Janusz w pełni swej nowej chwały

     W świątyni Sigmara były dzieci i starsza kobieta z łukiem. Kobieta była miła, a dzieci radosne i rozbrykane. Łowcy słusznie uznali, że sympatyczność i radość jakoś nie pasują do obecnego Gotheim (tym bardziej, że Aleksander podejrzał rysunki kobiety: dzieciaki występowały tam w roli przynęty dla potwora). Wobec tego Taughmir użył wobec starszej pani swej legendarnej galanterii, ogłuszając ją ciosem pistoletu w skroń. Dzieci zwiały. Całkiem dobry pomysł, bo za drużyną szła śmierć: po wyjściu ze świątyni bohaterowie stali się świadkami efektownego zapłonu kuźni i śmierci przez obróbkę termiczną czterech znajdujących się w niej ludzi.

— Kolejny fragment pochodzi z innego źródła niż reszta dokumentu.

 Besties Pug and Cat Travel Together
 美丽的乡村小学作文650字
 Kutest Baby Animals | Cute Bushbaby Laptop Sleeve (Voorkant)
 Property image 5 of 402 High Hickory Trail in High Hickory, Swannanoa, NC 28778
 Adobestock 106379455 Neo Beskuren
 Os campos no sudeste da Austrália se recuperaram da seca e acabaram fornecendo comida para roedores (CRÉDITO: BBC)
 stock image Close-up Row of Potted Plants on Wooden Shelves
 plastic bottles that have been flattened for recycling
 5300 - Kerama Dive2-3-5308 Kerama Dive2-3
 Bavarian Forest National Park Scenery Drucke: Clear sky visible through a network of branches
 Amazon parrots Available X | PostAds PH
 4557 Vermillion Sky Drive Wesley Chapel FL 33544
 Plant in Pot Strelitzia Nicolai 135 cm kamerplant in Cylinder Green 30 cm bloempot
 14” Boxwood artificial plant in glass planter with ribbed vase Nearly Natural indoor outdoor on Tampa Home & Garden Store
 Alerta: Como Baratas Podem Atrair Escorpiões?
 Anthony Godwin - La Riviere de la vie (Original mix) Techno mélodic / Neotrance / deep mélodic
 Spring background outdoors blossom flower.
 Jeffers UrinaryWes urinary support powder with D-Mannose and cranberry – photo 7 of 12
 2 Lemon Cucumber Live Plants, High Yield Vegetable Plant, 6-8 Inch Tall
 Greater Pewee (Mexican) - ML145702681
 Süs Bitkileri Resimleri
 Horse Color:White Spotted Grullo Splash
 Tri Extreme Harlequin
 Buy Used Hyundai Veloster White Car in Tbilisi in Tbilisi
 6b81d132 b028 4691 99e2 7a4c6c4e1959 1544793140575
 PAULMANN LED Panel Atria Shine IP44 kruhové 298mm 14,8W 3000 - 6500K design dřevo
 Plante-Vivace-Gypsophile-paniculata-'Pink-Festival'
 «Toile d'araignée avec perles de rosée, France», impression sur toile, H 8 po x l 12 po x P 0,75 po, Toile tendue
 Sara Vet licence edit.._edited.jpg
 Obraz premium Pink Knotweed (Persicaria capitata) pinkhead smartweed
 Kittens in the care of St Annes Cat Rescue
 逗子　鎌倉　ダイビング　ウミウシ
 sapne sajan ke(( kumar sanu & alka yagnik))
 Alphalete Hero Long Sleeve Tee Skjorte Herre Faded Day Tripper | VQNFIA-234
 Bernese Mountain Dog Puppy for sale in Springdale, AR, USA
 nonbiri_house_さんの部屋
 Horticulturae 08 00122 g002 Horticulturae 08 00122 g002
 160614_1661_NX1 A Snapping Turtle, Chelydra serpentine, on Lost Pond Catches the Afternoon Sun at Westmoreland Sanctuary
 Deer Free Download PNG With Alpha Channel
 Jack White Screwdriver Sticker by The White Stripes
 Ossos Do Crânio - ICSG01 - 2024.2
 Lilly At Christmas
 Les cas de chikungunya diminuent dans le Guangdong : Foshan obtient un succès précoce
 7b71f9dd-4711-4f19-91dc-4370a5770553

     "Czyli nie musimy oddawać kowalowi zbroi", skwitował jeden z Łowców.

     Drużyna wyszła ze zrujnowanego miasteczka i udała się w stronę pobliskiego jeziora, gdzie dwóch następnych mieszkańców majstrowało przy znajdującej się tam grobli. Masywnie zbudowany rzeźnik i drobna, starsza kobieta wpadli na pomysł zatopienia maszkary, która według ich relacji odleciała w stronę megalitycznego kręgu w pobliskim zagajniku. Znakomity pomysł, rzekł Aleksander, tyle że ten lasek jest na wzniesieniu! Woda popłynie do umęczonego Gotheim... Gdy perswazja zawiodła, Gottschalk postanowił spoliczkować rzeźnika (standardowy środek wychowawczy w Middenheimie). Rzeźnik sięgnął po tasak, bo nie zrozumiał, że cios był pełen czułości i troski o jego zdrowie psychiczne.

     Chwilę później już nie żył, a jego omdlała towarzyszka leżała w pętach tuż obok niego.

     Czas na konfrontację! Monstrum okazało się poważnie okaleczonym dżabbersmokiem, który lizał rany w pobliskiej pieczarze. Decydujące starcie rozegrałem na świeżo kupionych fliptilesach z Pathfindera (zestaw Wilderness), bardzo fajnych zresztą jak się okazało (widać je na zdjęciu powyżej). Stwór przez pierwsze cztery rundy regenerował swoje oczy, więc nie atakował drużyny... i tylko dlatego drużyna przetrwała. Bezkarny ostrzał skruszył ją mocno, aczkolwiek gdy już ruszyła, to skończyło się to zgonem Aleksandra (wyparował Punkt Przeznaczenia) i znokautowaniem Janusza (prowadzący go Jacoleko swoją drogą obserwował to wszystko... zdalnie, przez telefon :) ). Maszkarę uśmiercił sigmaryckim młotem kapłan Ulryka Gottschalk (że też się nie brzydził....).

     To nie jest znakomita przygoda. Pochodzi ze zbioru "Przygody w Ubersreiku" i jest adaptacją jakiejś wcześniejszej swej wersji. Ma dosyć prostą strukturę, elementy szaleństwa wyglądają nieco karykaturalnie, aczkolwiek doceniam jej otwartość. Tym niemniej: z fajną, zgraną ekipą nawet średnie scenariusze wypadają super. Bo tak było, super! Oby tak dalej!